(Task description): Leave the pictures out. Retype exactly the lines below from the one containing "Wide riverside with" through the one containing "Pictured are the", and no others.

(Task inputs):
----

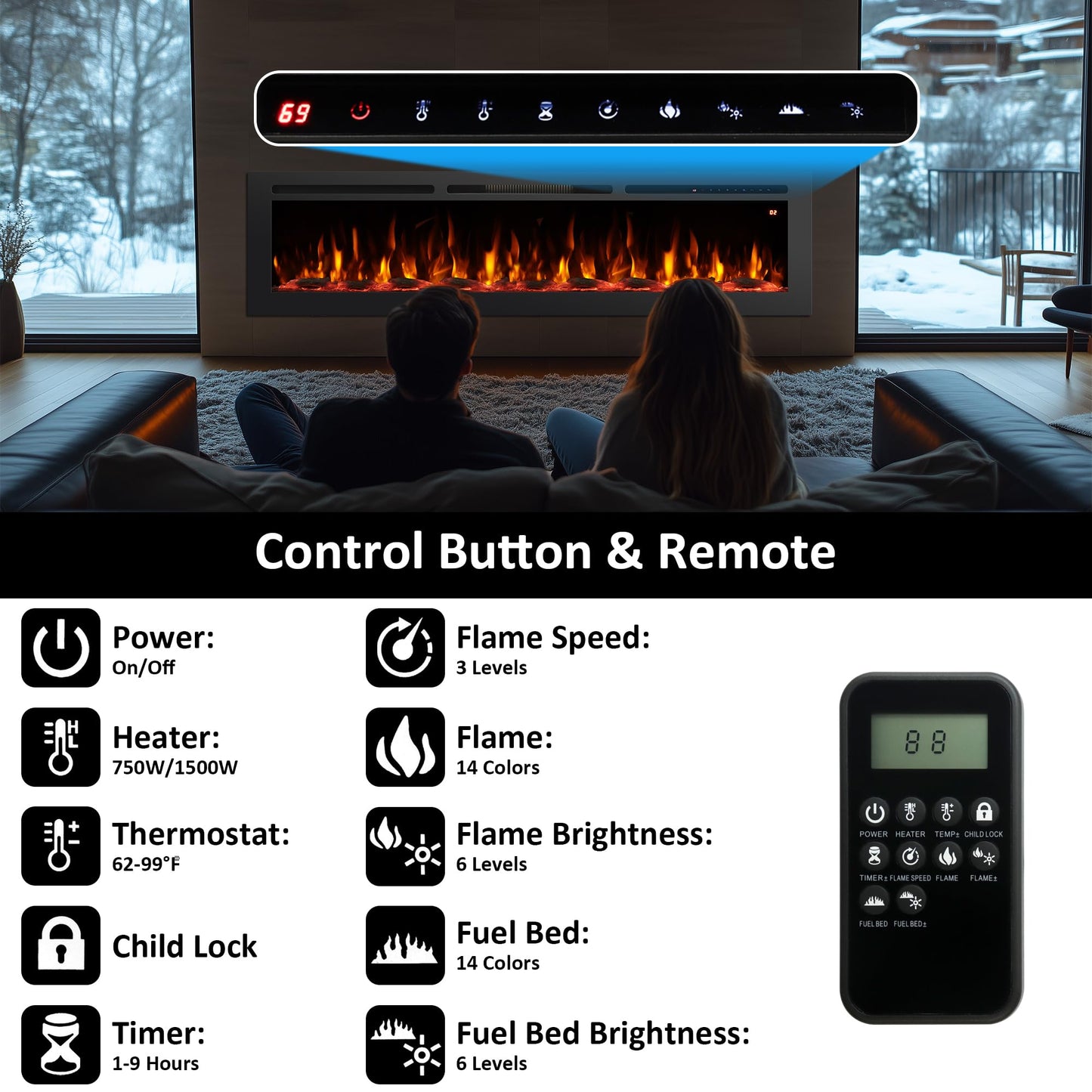 Rodalflame 48" Electric Fireplace Inserts, Adjustable Flame&Speed, Thermostat Heater, Recessed, Wall Mount, Freestanding, Brightness, Child Lock, Timer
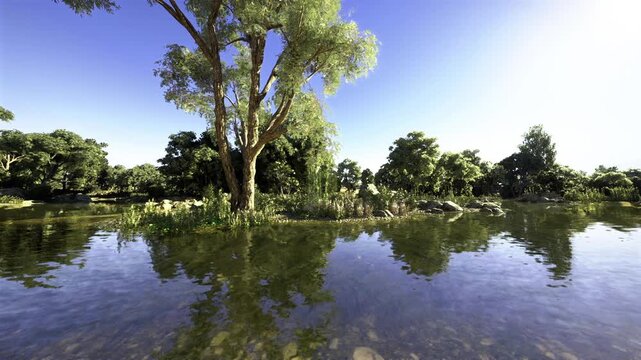Wide riverside with tall willow centered in glassy water reflecting blue sky, soft ripples and verdant foliage creating tranquil summer scene.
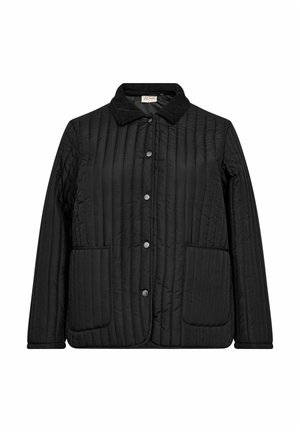 Black quilted jacket with vertical stitching, snap button front, two front pockets, and a soft collar.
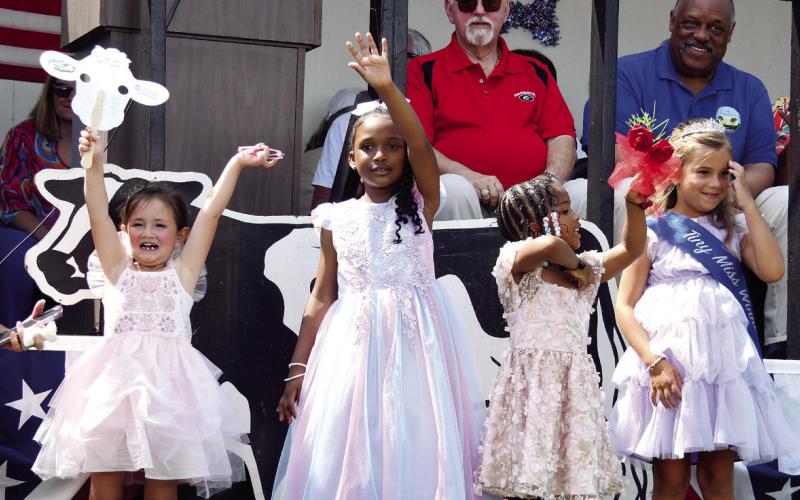 Pictured are the winners in the Tiny Miss Category (L-R): Ferryn Pinkerton, Kensley Williams, Hanalei Martin and Pruitt Womack (Tiny Miss Queen). IAN TOCHER/Staff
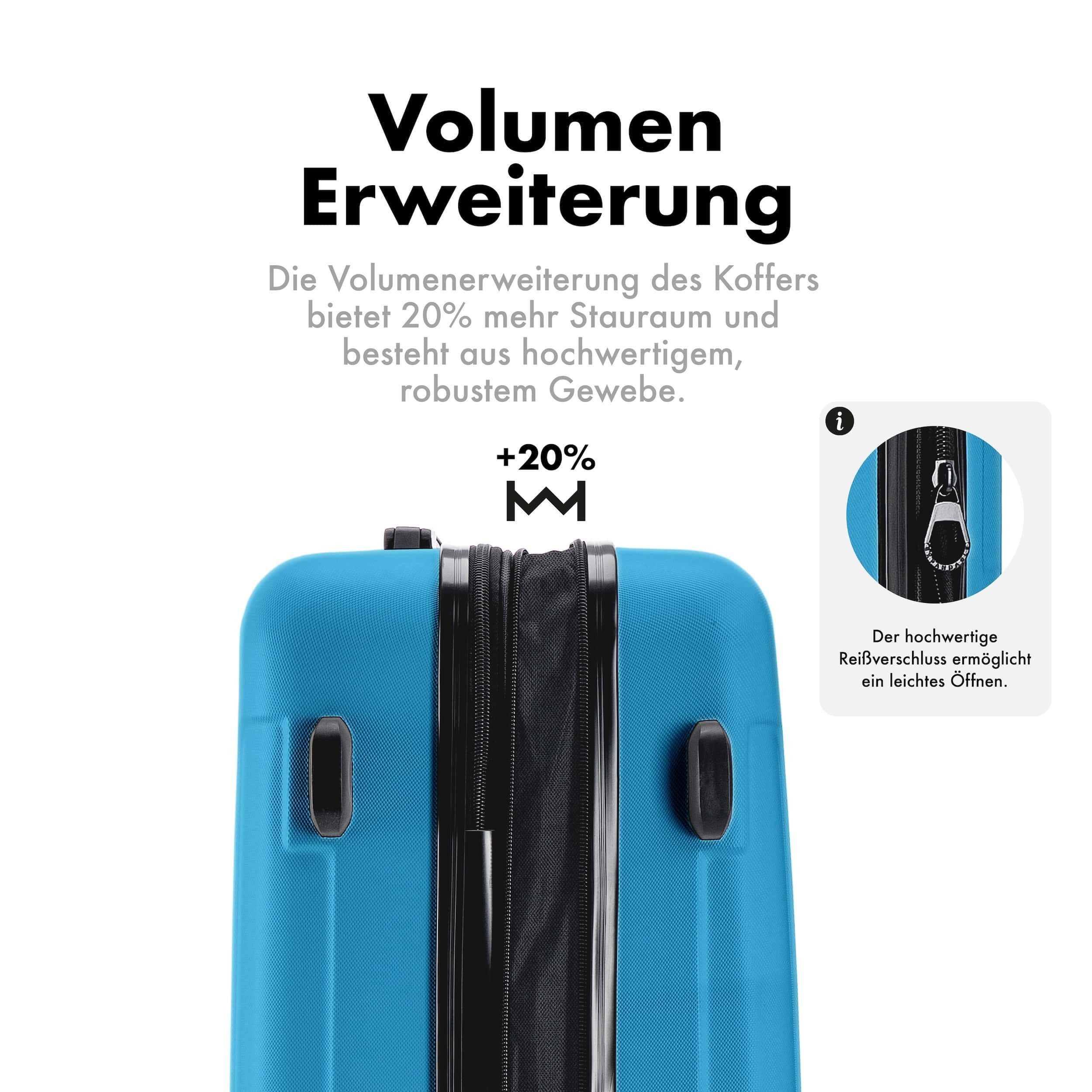 Flexot Hartschalen-Trolley F-3045 (Gr. M, L, XL) – Kofferset – ABS-Hartschale, 4 Rollen, Robuster und moderner Koffer mit vier 360° Rollen und Zahlenschloss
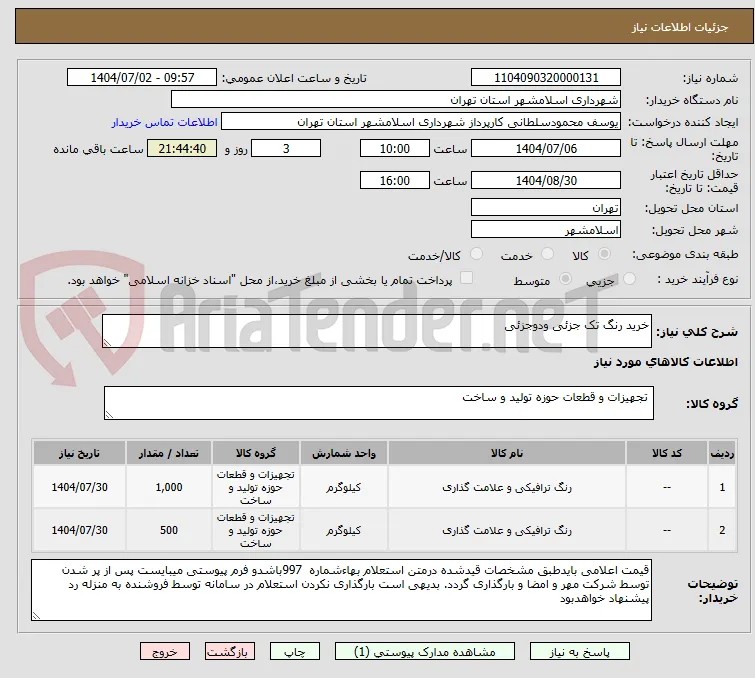 خرید رنگ تک جزئی ودوجزئی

----

(Task solution):
Wide riverside with tall willow centered in glassy water reflecting blue sky, soft ripples and verdant foliage creating tranquil summer scene.
 Black quilted jacket with vertical stitching, snap button front, two front pockets, and a soft collar.
 Pictured are the winners in the Tiny Miss Category (L-R): Ferryn Pinkerton, Kensley Williams, Hanalei Martin and Pruitt Womack (Tiny Miss Queen). IAN TOCHER/Staff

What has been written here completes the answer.